No governo, há a percepção de que, ao sempre usar o custo Brasil como arma para impedir a redução da proteção e apelar para acordos, a indústria vai protelando a abertura comercial. Hoje, o Brasil tem acordos que só cobrem 7% do mercado mundial. Países menores e mais abertos como Chile e Peru têm mais de 60% do comércio mundial coberto por acordos; os EUA, cerca de 25%.
Segundo Fabrizio Panzini, gerente de Políticas de Integração Internacional da CNI, a redução unilateral seria mais um golpe contra a indústria nacional, que já passa por um encolhimento. A pauta exportadora brasileira vem passando por uma primarização – o Brasil exporta cada vez mais matérias primas e cada vez menos produtos manufaturados, de maior valor agregado.
A participação de produtos industrializados na pauta de exportação em 2020 foi de 43%, menor índice em 44 anos. Na última década, entre 2010 e 2019, os produtos industrializados representaram, em média, 51,6% das exportações.

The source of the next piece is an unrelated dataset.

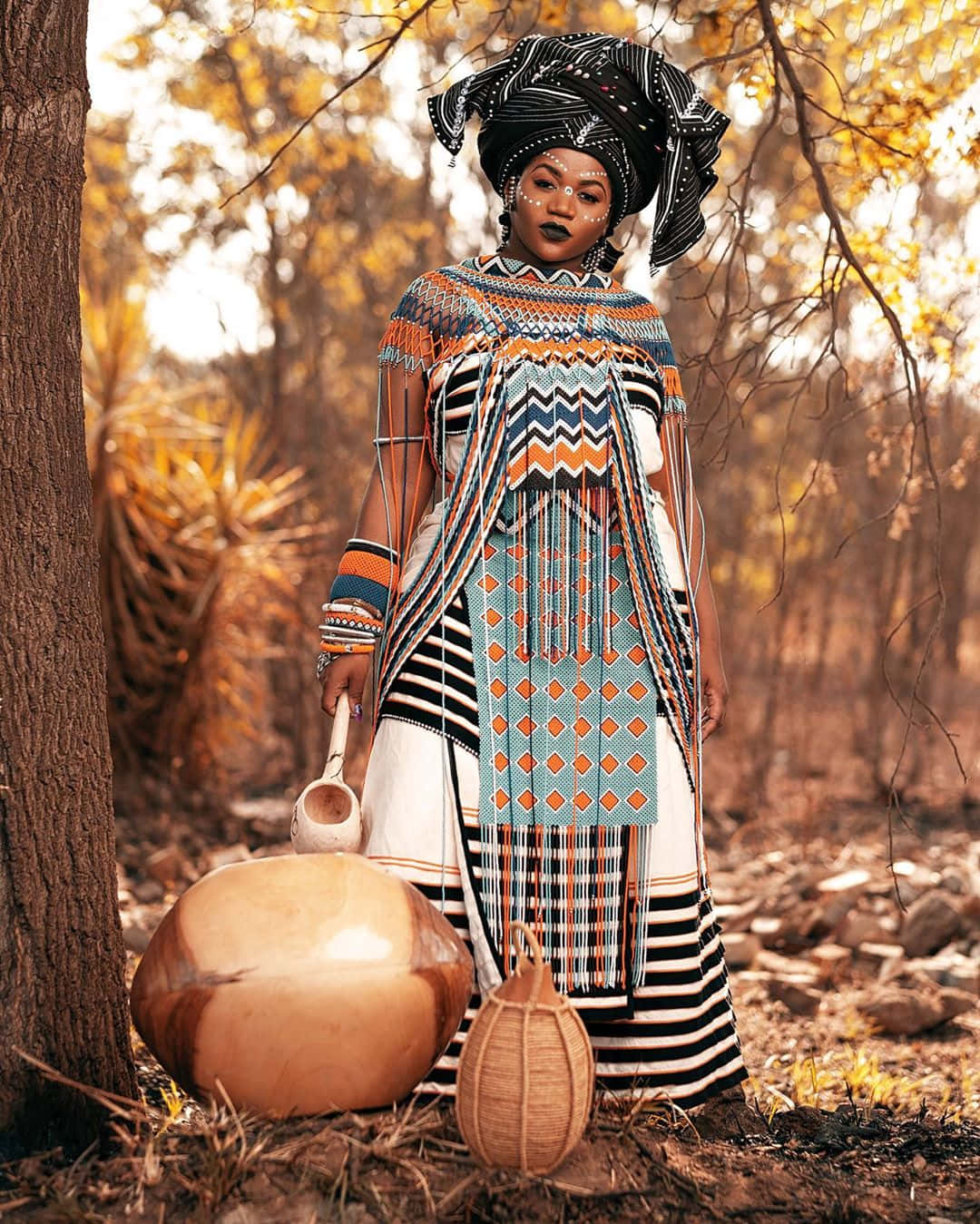African Culture 桌布 壁紙 — 一位身穿鮮豔幾何圖案傳統服飾的女性，站在陽光明媚的森林中，手持葫蘆和籃子。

“Dessa maneira, não vamos nos inserir nas cadeias globais, vamos ser cada vez mais fornecedores de matérias primas”, diz Panzini.
Nesse sentido, a CNI defende acordos, mas não aqueles que estão sendo impulsionados atualmente pelo Ministério da Economia, com Indonésia, Vietnã e Coreia do Sul. “Esses acordos trazem ganhos limitados e um grande potencial de perdas – são países muito menos rigorosos que o Brasil em questões trabalhistas e ambientais”, diz Fabrizio. De acordo com levantamento da CNI, o salário mínimo no Vietnã é cerca de 15% do brasileiro, e, na Indonésia, 25%.
Segundo o mesmo estudo, esses acordos com os países asiáticos podem gerar redução do emprego e da produção em até 21 segmentos da economia, sendo a indústria a maior afetada. Os setores de têxteis, vestuário, eletroeletrônicos e calçados seriam os mais prejudicados pela concorrência.
A prioridade, para a indústria, é aprofundar acordos na América do Sul e América Central, grandes compradores de manufaturados, implementar o acordo entre UE e Mercosul, ampliar México e internalizar EFTA.
Dentro do ministério, pondera-se que os acordos com os países asiáticos terão um processo paulatino, e que a redução de tarifas se dará ao longo de 15 anos a 20 anos, respeitando as sensibilidades da indústria.
Para além dos acordos, a pasta não abre mão de entregar o governo com alguma movimentação na TEC, para abrir de forma mais rápida o mercado brasileiro.